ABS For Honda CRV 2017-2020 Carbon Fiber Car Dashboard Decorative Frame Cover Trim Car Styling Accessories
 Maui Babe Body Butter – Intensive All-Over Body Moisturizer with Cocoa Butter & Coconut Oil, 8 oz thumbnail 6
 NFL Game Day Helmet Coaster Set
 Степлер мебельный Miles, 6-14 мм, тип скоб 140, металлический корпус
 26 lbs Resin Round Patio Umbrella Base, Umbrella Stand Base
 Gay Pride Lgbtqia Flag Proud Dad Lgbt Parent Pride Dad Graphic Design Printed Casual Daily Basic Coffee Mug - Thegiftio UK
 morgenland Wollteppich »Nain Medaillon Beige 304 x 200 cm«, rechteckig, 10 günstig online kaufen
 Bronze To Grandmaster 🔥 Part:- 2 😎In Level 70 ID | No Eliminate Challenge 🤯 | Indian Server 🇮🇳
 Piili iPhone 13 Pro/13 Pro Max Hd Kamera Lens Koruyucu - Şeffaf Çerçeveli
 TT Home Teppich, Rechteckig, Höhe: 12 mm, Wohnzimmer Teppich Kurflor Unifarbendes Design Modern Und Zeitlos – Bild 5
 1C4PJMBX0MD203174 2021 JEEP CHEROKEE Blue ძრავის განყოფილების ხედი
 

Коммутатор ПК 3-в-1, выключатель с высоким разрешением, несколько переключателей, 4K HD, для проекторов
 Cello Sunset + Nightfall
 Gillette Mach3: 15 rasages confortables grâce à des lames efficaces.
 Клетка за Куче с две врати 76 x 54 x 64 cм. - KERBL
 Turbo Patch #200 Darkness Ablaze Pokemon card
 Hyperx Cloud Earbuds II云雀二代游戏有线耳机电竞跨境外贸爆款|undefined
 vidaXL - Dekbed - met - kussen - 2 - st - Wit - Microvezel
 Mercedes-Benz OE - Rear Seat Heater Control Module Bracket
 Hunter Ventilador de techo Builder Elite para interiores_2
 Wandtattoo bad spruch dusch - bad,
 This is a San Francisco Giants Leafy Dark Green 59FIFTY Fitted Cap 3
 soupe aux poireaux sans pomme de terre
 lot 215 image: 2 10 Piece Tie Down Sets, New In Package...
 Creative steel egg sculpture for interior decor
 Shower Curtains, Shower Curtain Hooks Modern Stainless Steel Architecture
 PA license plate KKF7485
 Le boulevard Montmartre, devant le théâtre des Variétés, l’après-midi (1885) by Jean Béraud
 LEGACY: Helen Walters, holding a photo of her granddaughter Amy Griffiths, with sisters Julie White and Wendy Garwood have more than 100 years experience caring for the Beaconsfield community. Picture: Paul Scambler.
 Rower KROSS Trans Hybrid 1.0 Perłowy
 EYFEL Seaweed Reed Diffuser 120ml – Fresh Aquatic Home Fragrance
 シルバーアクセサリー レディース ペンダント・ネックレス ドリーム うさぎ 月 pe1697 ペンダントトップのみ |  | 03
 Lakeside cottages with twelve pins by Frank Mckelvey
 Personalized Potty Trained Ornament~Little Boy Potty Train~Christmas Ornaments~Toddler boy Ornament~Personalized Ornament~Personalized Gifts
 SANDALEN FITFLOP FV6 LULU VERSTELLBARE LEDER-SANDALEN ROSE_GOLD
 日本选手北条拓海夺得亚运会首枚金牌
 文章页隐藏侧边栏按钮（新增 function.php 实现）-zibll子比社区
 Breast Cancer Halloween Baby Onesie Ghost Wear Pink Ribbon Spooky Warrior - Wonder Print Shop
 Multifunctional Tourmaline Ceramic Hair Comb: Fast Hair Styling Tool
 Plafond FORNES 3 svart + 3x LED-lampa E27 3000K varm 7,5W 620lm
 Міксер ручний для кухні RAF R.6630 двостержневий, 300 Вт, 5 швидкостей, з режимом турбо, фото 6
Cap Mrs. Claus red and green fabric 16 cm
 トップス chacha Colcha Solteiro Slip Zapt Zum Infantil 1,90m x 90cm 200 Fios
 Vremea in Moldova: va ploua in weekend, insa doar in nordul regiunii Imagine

=-=-=

▶ **Requirement**: Restate word for word the entries above, starting at the line with "Коммутатор ПК 3-в-1, выключатель" and ending at the line with "Wandtattoo bad spruch", inclusive, and no others.

▶ **Answer to the problem**:
Коммутатор ПК 3-в-1, выключатель с высоким разрешением, несколько переключателей, 4K HD, для проекторов
 Cello Sunset + Nightfall
 Gillette Mach3: 15 rasages confortables grâce à des lames efficaces.
 Клетка за Куче с две врати 76 x 54 x 64 cм. - KERBL
 Turbo Patch #200 Darkness Ablaze Pokemon card
 Hyperx Cloud Earbuds II云雀二代游戏有线耳机电竞跨境外贸爆款|undefined
 vidaXL - Dekbed - met - kussen - 2 - st - Wit - Microvezel
 Mercedes-Benz OE - Rear Seat Heater Control Module Bracket
 Hunter Ventilador de techo Builder Elite para interiores_2
 Wandtattoo bad spruch dusch - bad,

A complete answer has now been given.